Here the taxis are fairly tame, but riding a matatu in Kenya last summer was a harrowing experience.  The vans themselves would not be out of place as a finished product on Pimp My Ride.  With more screens than most people’s houses and thumping speakers, the van bodies are covered with graffiti, art, and slogans.  My favorite one had both Barak Obama and Osama Bin Laden’s faces painted on the sides.

I’ll be honest, I generally tried to avoid the matatus, except for traveling from Nairobi to Nakuru and back.  Every day, the newspaper is filled with the stories of horrific accidents involving speeding, overcrowded matatus on the highways and city streets.

That said, when I first landed in Nairobi after two months in Tanzania, even the matatus looked safe and shiny.  The dalla-dallas, like many things in Dar es Salaam, are in a perpetual state of disrepair.  The floors are rusting through, the windshields are cracked, and I once burned my forehead on an exposed bulb in the ceiling.  Often everything in the sides besides the outside metal has been removed.
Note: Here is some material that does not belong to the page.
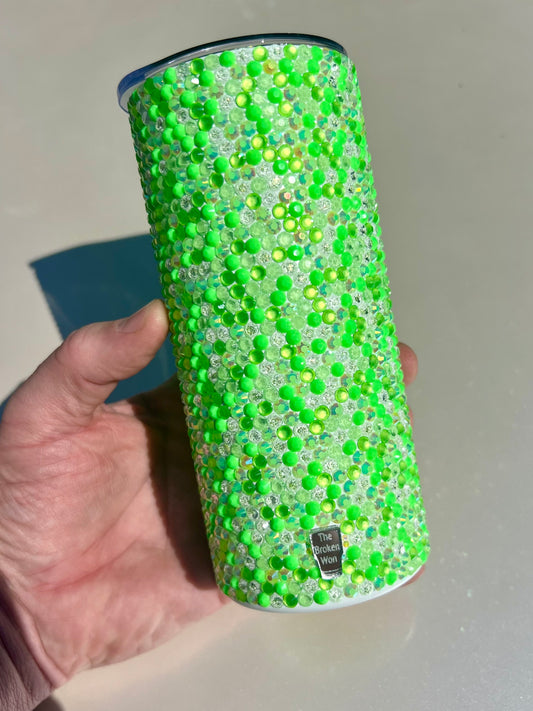 Ready to ship 15 oz Glow In The Dark Rhinestone Drinking Tumbler - Glow Green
The best part about the dalla-dallas is that the normal roof is removed and a higher, domed roof is bolted on.  This vastly increases the barker’s ability to cram people in, as they can stand up inside.  The most we ever counted was 28, but I never rode them during rush hour.  In the early mornings and late afternoon, when the half an hour drive to the city center turns into 3 hours, they are so full that passengers hang out of the windows to make more room.

Because my knowledge of Swahili slang and the local languages it sometimes gets mixed with is not fantastic, I could never understand exactly what the barkers were saying in Tanzania or Kenya.  Being in Cape Town has shown me that I was seriously missing out.

Here are a few choice quotes.

Directing the passengers to fit more people in: 

“You are like children.  I must tell you how to do everything!”

In response to people who declined a ride because they didn’t want to cram into the already full taxi:

“Okay, fine.  So you don’t want to go home?  Then you won’t get home.”

Traveling should always be this much fun.